Oil Falls on Concern Recession Will Curb Demand, OPEC Output

May 26 (Bloomberg) -- Crude oil fell on concerns that the global recession will prolong sluggish energy demand and after an OPEC official said the group may not alter production targets at its meeting this week.

A German survey of business confidence advanced less than economists expected as the worst business slowdown in a half century lingers in Europe, the U.S. and Asia. OPEC is unlikely to change anything after its May 28 discussions, and talk of overly high inventories is exaggerated, the official said yesterday, requesting anonymity as the decision isn’t final.

“We’ve got plenty of supplies and there’s nothing to suggest the economy is improving,” said Peter Beutel, president of Cameron Hanover Inc., an energy consulting company in New Canaan, Connecticut. “OPEC doesn’t look like it will lend much support. The market is trying to figure out where it’s going next.”

Crude oil for July delivery fell 46 cents, or 0.8 percent, to $61.21 a barrel on the New York Mercantile Exchange at 9:18 a.m. Sydney time. The exchange will combine yesterday and today’s trading for settlement purposes because floor trading was shut yesterday in the U.S. for Memorial Day. Markets in London were closed for a bank holiday.

Germany’s Ifo institute in Munich said yesterday its business climate index, based on a survey of 7,000 executives, increased to 84.2 in May from 83.7 in April. Economists expected a gain to 85, the median of 39 forecasts in a Bloomberg News survey. The index reached a 26-year low of 82.2 in March.

‘Continuously’ Poor Data

“An overhang of inventories built up at sea and continuously poor economic data encourages selling because the rally looks unsustainable,” said Harry Tchilinguirian, BNP Paribas’s senior oil-market analyst in London.

Saudi Arabia, the largest producer in the Organization of Petroleum Exporting Countries, is “absolutely fine” with adherence to the group’s 4.2 million barrel-a-day production cut, Oil Minister Ali al-Naimi said May 24.

Saudi Arabia is producing more crude oil than its OPEC quota, according to data from the Joint Oil Data Initiative, citing figures submitted by the country.

OPEC, responsible for 40 percent of global crude supply, is likely to keep output quotas unchanged for a second time this year as recovering oil prices forestall the need for new cuts, according to a Bloomberg survey published on May 22.

At the last summit on March 15, the group decided to leave quotas unchanged and adhere to its earlier commitment to restrict supply.

Natural Gas Falls

Natural gas, heating oil and gasoline also fell in New York trading.

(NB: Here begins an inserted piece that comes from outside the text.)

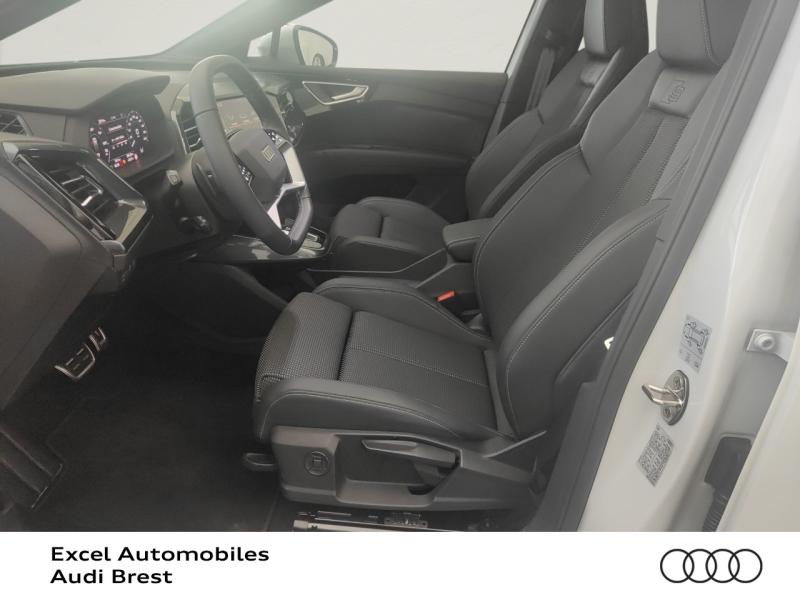 Image about Audi Q4 Sportback e-tron S line 55 e-tron quattro 250,00 kW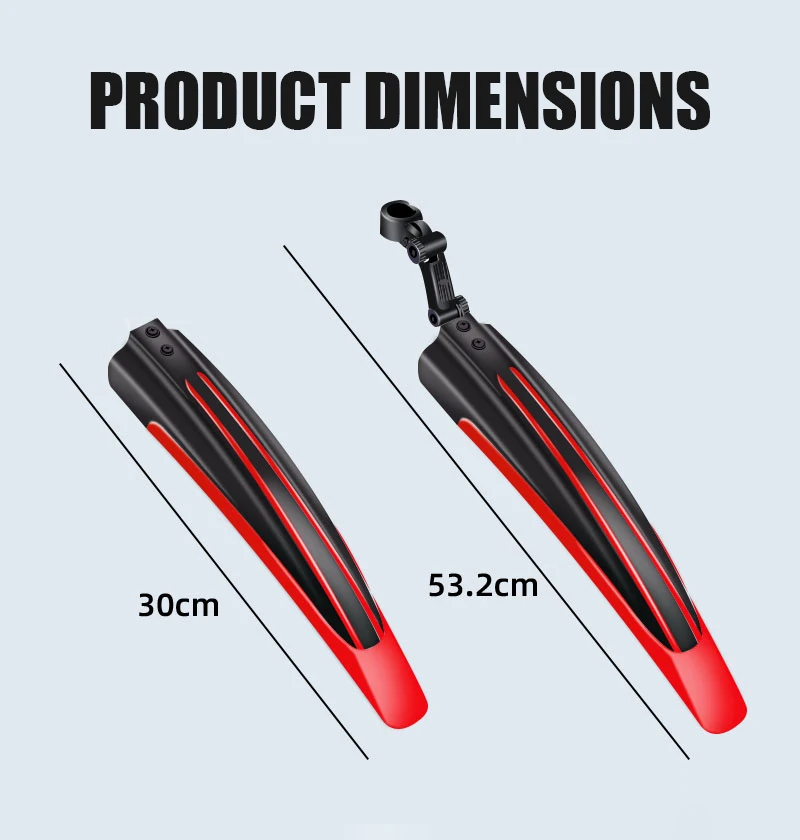 Комплект велосипедных брызгови – обзор и цена Fender Mudguard Set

Natural gas for June delivery fell 5 cents, or 1.4 percent, to $3.465 per million British thermal units.

The U.S. currency earlier rose against the euro after North Korea said it conducted a “successful” nuclear weapons test yesterday, spurring demand for the relative safety of the dollar and reducing the attractiveness of commodities as an inflation hedge.

The dollar had gained after North Korea announced the test, the second time Kim Jong Il’s regime detonated a nuclear device. The yen fell from near its highest level in more than two months, weakening to 94.87 per dollar by 4:50 p.m. in New York.

Brent crude for July settlement fell 57 cents, or 0.9 percent, to settle at $60.21 a barrel on London’s ICE Futures Europe exchange yesterday.